Articles, Publications

How do we solve the Iran talks’ verification dilemma?

After Ayatollah Ali Khamenei, Iran’s supreme leader, expressed his opposition to the inspection of Iranian military facilities and the interrogation of Iranian scientists as part of any would-be nuclear deal, the issue quickly became the most controversial aspect of the nuclear negotiations in Iran. It is only natural that allowing foreign inspectors access to Iranian military facilities and making Iranian scientists vulnerable to such questioning would damage Iranian national pride, as it would in any country. In fact, this is a matter that threatens to scuttle the entire negotiating process.

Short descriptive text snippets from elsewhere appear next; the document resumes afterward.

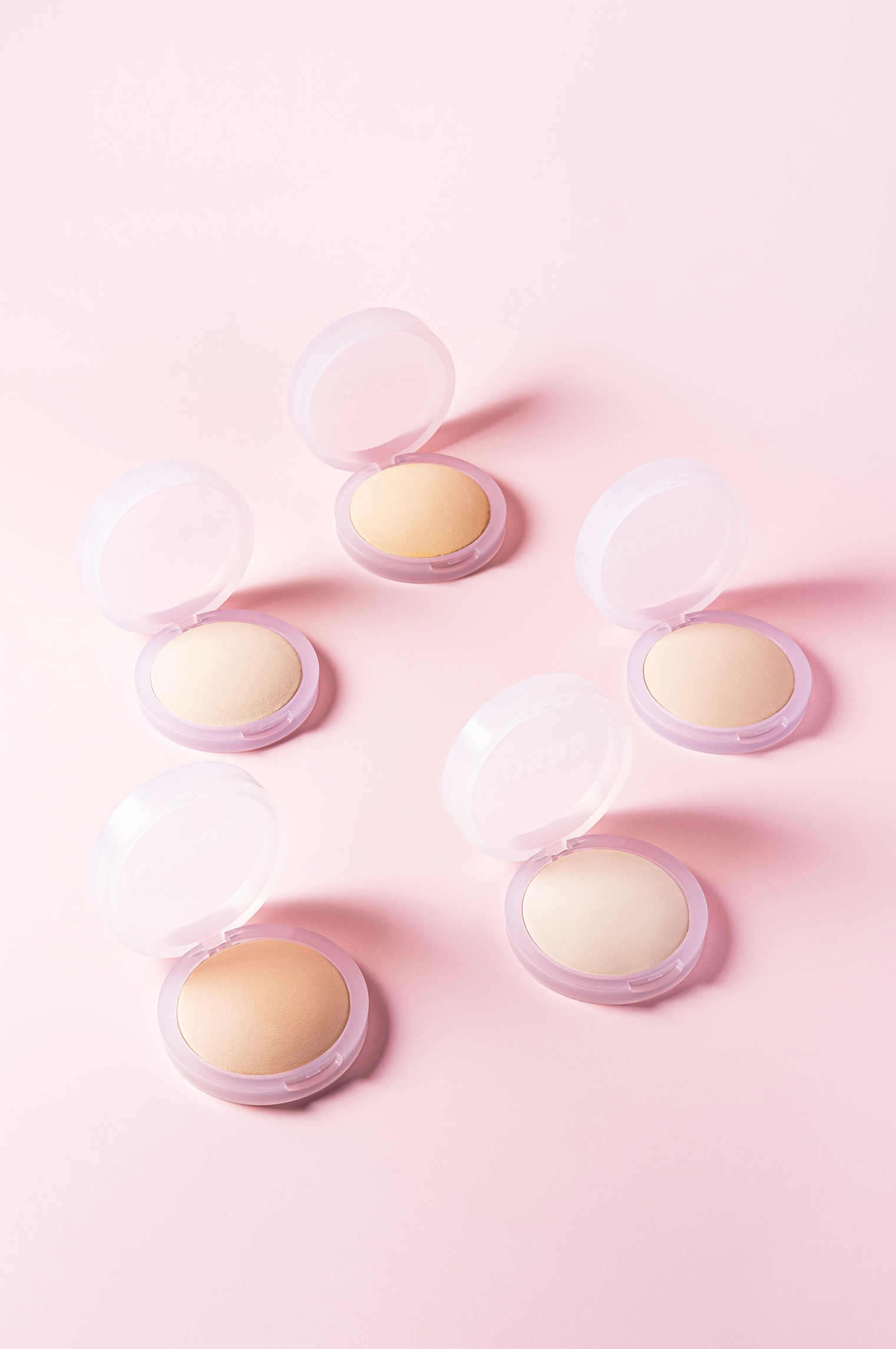 Cloud Set Setting Powder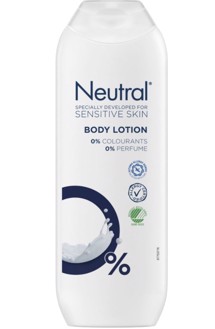Neutral Bodylotion 250 ml - Neutral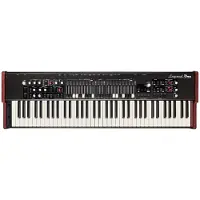 Viscount Organs Viscount Legend ONE 73 Stage Keyboard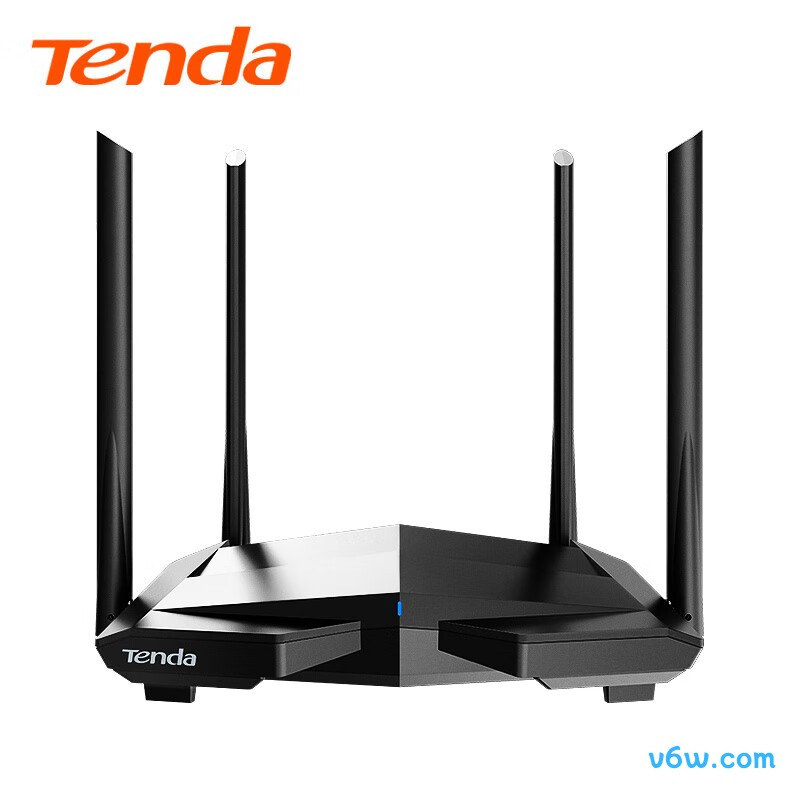 Tenda-AC10路由器图片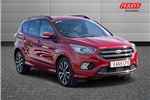 2019 Ford Kuga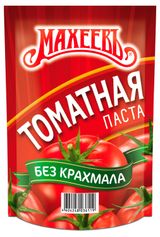 Изображение товара Паста томатная «МАХЕЕВЪ», 70 г
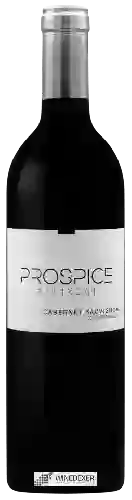 Weingut Prospice - Cabernet Sauvignon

This unprecedentedly invasive type of inspections hearkens back to the issue of possible military dimensions (PMD) to the Iranian nuclear program. Western concerns over PMD go back to even before 2003, when the Iranian nuclear program first came under international spotlight. In his 2006 book “State of War: The Secret History of the CIA and the Bush Administration,” The New York Times journalist James Risen revealed that the CIA had attempted to plant evidence in Iran that would make it seem the country was pursuing nuclear weapons in the late 1990s and early 2000s. Such “evidence” could feasibly have been used as a pretext for military intervention against Iran. With that said, in 2011 the United States and its NATO allies released thousands of pages of documents and pictures to the International Atomic Energy Agency (IAEA) that allegedly revealed there had been military dimensions to Iran’s nuclear program.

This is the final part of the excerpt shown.